Hi
The current state of the ATLAS frontier service is not ideal. The
SAM tests:
https://lcg-sam.cern.ch:8443/sam/sam.py?CE_atlas_disp_tests=CE-ATLAS-
sft-Frontier-
Squid&order=SiteName&funct=ShowSensorTests&disp_status=na&disp_status=ok
&disp_status=info&disp_status=note&disp_status=warn&disp_status=error&di
sp_status=crit&disp_status=maint
show several production sites getting a warning. This warning is
normally caused by the backup squid not being configured correctly.

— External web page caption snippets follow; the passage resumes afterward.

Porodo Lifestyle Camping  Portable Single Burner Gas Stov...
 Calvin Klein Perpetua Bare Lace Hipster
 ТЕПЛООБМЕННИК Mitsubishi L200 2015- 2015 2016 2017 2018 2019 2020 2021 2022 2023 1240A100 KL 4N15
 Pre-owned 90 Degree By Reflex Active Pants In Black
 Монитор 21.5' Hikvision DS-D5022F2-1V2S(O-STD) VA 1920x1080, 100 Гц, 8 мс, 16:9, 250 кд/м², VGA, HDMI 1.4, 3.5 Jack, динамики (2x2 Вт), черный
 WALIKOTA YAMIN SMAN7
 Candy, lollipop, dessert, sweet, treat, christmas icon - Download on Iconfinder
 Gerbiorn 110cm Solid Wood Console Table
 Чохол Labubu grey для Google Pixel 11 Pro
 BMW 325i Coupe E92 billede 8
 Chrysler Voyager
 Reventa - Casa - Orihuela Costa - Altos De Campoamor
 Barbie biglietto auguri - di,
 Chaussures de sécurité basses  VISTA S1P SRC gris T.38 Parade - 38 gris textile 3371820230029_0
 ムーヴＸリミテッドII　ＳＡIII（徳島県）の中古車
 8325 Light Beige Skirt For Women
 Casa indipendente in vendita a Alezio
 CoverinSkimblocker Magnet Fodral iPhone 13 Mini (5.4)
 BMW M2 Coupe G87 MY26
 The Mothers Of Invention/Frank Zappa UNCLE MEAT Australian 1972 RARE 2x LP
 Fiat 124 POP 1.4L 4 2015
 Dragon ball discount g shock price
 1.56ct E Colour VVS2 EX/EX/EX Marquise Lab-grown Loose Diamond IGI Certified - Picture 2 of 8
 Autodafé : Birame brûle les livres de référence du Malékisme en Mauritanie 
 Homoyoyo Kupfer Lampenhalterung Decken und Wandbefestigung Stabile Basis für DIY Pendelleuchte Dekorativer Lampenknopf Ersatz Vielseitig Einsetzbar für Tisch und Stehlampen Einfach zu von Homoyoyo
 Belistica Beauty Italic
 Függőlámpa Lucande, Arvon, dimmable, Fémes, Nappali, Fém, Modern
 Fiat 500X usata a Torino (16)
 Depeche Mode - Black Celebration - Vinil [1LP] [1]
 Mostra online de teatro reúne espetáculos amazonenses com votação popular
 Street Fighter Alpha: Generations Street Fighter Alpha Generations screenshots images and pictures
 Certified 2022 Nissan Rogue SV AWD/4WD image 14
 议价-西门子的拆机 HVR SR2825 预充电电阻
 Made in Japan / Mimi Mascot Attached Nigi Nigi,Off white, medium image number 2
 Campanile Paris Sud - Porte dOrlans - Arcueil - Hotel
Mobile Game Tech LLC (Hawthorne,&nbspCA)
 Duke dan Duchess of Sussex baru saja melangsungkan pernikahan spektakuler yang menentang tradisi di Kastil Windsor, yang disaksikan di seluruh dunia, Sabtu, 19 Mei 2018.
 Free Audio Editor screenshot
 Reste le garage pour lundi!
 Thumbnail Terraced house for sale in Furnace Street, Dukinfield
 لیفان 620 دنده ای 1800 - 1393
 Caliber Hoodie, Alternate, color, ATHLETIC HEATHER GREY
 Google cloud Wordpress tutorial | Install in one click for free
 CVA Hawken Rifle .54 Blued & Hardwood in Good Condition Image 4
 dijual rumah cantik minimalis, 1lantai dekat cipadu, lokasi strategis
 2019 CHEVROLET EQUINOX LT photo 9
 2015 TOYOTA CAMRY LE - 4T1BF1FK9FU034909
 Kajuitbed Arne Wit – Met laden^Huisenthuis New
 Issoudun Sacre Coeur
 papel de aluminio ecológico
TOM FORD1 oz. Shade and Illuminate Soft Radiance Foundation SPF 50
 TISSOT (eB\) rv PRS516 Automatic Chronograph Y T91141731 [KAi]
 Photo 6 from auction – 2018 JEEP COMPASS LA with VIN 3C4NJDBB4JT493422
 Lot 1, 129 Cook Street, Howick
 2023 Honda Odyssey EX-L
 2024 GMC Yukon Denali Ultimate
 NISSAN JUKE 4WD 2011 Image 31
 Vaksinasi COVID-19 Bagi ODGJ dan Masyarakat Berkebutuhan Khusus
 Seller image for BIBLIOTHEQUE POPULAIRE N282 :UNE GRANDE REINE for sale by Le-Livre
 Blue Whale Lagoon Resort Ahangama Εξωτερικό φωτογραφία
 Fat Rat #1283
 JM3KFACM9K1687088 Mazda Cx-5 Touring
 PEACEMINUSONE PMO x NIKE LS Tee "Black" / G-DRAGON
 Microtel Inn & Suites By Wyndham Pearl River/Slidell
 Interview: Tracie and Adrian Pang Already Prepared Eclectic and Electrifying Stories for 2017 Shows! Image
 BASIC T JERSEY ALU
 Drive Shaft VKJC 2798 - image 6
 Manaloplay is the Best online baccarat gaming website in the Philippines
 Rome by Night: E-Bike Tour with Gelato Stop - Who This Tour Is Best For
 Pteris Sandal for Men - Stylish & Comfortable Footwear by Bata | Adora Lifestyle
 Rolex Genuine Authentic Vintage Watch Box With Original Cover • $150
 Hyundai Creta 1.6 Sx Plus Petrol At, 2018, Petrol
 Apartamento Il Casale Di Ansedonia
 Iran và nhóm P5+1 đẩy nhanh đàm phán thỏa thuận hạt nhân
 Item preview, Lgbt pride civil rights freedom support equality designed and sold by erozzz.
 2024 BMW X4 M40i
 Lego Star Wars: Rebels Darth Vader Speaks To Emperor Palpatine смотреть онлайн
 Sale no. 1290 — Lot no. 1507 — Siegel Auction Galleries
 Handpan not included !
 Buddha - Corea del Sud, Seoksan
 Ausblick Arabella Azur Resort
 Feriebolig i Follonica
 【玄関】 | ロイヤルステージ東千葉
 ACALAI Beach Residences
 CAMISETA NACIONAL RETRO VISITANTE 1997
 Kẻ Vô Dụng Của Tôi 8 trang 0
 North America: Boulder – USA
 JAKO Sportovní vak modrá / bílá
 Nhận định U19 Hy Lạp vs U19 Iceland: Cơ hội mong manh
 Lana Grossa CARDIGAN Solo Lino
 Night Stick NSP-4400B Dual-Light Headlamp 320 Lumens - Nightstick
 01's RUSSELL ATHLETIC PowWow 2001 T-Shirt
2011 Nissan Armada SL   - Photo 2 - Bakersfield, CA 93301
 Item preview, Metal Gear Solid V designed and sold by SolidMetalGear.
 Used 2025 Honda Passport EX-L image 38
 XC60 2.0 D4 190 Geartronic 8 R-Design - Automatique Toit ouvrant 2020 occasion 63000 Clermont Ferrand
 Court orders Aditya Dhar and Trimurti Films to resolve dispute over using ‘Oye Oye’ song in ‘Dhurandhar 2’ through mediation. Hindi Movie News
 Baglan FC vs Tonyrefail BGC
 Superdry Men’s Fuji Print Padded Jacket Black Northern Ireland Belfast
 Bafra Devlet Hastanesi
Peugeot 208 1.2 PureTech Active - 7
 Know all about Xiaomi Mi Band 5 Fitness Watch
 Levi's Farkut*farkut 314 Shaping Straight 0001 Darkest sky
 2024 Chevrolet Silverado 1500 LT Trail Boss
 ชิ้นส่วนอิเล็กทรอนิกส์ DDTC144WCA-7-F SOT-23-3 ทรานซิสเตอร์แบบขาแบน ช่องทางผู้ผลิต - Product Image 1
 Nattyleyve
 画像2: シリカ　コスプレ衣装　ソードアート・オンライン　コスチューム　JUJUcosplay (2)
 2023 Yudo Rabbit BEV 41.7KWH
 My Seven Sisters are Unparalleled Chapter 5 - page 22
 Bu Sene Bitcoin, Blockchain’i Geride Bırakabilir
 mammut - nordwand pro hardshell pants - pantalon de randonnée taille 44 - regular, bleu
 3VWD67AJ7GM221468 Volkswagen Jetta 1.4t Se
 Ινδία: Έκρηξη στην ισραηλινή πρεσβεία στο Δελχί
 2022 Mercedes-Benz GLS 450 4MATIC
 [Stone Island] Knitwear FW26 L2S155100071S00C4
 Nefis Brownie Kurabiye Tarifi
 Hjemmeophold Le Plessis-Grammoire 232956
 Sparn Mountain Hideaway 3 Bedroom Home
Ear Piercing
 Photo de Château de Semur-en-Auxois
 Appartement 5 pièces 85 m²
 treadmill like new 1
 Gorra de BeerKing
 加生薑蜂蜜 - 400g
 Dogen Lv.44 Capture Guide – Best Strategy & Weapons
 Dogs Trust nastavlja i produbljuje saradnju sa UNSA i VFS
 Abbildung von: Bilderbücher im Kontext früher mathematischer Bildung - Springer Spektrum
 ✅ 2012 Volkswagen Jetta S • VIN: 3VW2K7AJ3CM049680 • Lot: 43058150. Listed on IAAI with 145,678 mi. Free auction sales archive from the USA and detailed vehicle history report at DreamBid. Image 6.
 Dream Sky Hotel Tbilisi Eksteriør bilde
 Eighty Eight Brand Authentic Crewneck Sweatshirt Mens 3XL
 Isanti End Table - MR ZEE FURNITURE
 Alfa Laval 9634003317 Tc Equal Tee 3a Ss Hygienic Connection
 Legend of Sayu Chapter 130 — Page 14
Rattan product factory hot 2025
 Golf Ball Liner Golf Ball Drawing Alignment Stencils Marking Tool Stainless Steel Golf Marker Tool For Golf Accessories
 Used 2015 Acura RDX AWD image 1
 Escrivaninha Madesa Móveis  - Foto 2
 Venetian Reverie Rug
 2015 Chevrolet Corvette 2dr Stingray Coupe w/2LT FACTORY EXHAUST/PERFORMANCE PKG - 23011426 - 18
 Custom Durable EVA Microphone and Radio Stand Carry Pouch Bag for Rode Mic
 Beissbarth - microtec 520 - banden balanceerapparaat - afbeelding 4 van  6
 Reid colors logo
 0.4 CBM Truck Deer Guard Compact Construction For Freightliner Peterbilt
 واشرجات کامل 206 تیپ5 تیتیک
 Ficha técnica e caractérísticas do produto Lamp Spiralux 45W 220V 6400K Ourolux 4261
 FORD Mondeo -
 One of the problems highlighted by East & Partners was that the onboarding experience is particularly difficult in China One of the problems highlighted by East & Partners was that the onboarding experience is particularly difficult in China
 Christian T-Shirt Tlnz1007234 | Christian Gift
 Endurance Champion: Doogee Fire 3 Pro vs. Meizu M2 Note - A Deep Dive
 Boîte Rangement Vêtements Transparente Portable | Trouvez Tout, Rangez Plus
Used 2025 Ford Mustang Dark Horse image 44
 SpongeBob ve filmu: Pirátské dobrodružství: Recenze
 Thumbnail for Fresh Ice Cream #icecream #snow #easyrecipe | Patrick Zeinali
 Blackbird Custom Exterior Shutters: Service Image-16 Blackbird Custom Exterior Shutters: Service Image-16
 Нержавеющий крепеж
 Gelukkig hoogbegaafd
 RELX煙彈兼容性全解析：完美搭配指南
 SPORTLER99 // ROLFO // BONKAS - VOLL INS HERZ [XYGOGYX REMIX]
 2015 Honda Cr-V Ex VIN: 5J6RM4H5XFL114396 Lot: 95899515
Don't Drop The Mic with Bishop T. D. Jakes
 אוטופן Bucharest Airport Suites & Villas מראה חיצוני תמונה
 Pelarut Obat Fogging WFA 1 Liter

To remind people: WNs should connect to the local squid (normally at
the site) which connects to the Frontier server at RAL. If the local
squid is down then the WN will try and connect to a backup squid
which is meant to be at a nearby site which will then try and connect
to the Frontier server. There is a similar backup process should the
Frontier server at RAL fail then all the squids will try and connect
to the frontier server at PIC.
To ease this problem it has been suggested that the default backup
for Tier 2 sites is the squid at RAL (The Tier 1 not the Tier 2!).
The squid at the Tier 1 is the same installation as the Frontier
server so if the frontier services goes down so will the backup
squid. This does reduce the resilience of the setup slightly but I
think this is worth it given it should make things significantly
simpler to maintain. It does also means I will have to get the SAM
test modified slightly. If however there are sites that are happy
with the current setup and managing firewall access to their squid
from other sites worker nodes then please feel free to respond.
Before committing any change to Tiersofatlas I would like sites to
run a test to make sure they can indeed successfully access the RAL
squid.
To do this:
Log into a WN
> wget http://frontier.cern.ch/dist/fnget.py
> export http_proxy=http://lcgft-atlas.gridpp.rl.ac.uk:3128
> python fnget.py --url=http://lcgft-atlas.gridpp.rl.ac.uk:3128/
frontierATLAS/frontier --sql="SELECT TABLE_NAME FROM ALL_TABLES"
This should provide a big list of table names and not a python error!
Could sites please reply with the results of the test and any
comments are also welcome.
Thanks
Alastair
|